>>>>>

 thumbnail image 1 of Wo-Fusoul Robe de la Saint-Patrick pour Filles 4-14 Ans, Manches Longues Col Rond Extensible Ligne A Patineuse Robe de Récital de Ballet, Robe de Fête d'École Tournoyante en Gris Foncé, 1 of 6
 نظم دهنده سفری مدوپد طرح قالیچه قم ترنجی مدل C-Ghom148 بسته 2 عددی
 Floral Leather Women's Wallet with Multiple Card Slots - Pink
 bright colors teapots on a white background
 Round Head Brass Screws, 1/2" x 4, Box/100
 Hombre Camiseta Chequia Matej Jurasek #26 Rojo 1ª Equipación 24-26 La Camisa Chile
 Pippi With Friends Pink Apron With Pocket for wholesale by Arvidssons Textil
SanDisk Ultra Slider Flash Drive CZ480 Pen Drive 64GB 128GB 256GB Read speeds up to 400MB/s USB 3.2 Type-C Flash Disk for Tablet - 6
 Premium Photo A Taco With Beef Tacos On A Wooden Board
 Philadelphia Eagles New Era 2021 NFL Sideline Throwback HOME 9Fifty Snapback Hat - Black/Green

<<<<<
>>>>>

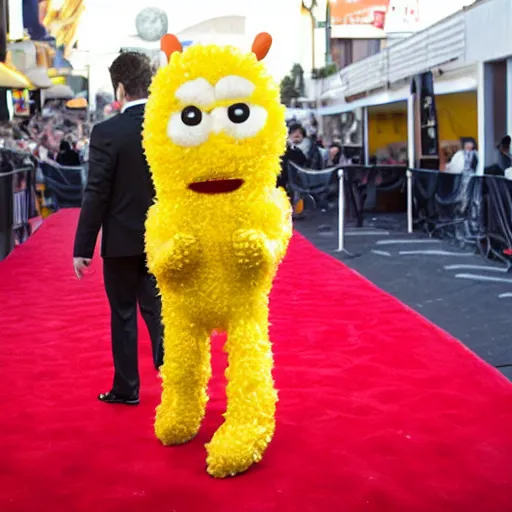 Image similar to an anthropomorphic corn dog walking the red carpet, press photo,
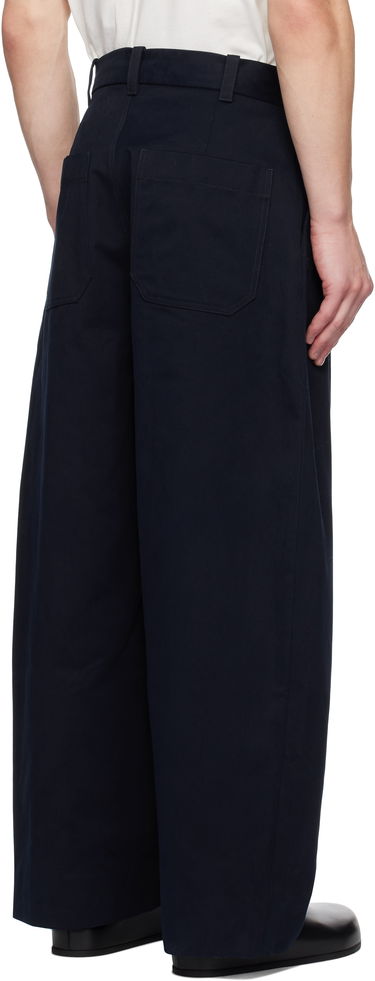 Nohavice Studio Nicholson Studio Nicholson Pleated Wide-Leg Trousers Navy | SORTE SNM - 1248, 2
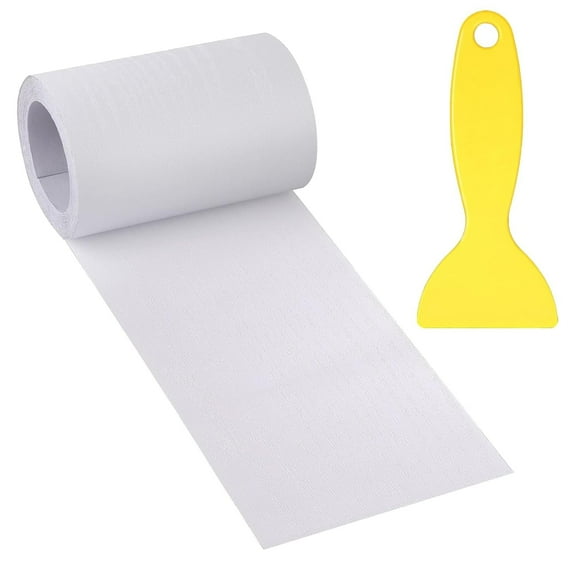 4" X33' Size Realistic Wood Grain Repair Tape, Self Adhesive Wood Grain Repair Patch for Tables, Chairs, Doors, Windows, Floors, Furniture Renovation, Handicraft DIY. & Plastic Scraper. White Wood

<<<<<
>>>>>

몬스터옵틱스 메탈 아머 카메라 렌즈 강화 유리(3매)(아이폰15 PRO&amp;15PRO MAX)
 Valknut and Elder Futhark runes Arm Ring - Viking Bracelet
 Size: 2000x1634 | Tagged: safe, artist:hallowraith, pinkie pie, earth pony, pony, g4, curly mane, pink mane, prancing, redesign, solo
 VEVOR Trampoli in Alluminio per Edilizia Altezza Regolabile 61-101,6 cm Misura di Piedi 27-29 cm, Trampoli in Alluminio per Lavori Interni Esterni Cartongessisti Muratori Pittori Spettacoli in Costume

<<<<<

What you have to do - The exact lines of the material above starting at the one that contains "thumbnail image 1" and ending at the one that contains "Philadelphia Eagles New" are what to retype; leave out everything else.

Task result -
 thumbnail image 1 of Wo-Fusoul Robe de la Saint-Patrick pour Filles 4-14 Ans, Manches Longues Col Rond Extensible Ligne A Patineuse Robe de Récital de Ballet, Robe de Fête d'École Tournoyante en Gris Foncé, 1 of 6
 نظم دهنده سفری مدوپد طرح قالیچه قم ترنجی مدل C-Ghom148 بسته 2 عددی
 Floral Leather Women's Wallet with Multiple Card Slots - Pink
 bright colors teapots on a white background
 Round Head Brass Screws, 1/2" x 4, Box/100
 Hombre Camiseta Chequia Matej Jurasek #26 Rojo 1ª Equipación 24-26 La Camisa Chile
 Pippi With Friends Pink Apron With Pocket for wholesale by Arvidssons Textil
SanDisk Ultra Slider Flash Drive CZ480 Pen Drive 64GB 128GB 256GB Read speeds up to 400MB/s USB 3.2 Type-C Flash Disk for Tablet - 6
 Premium Photo A Taco With Beef Tacos On A Wooden Board
 Philadelphia Eagles New Era 2021 NFL Sideline Throwback HOME 9Fifty Snapback Hat - Black/Green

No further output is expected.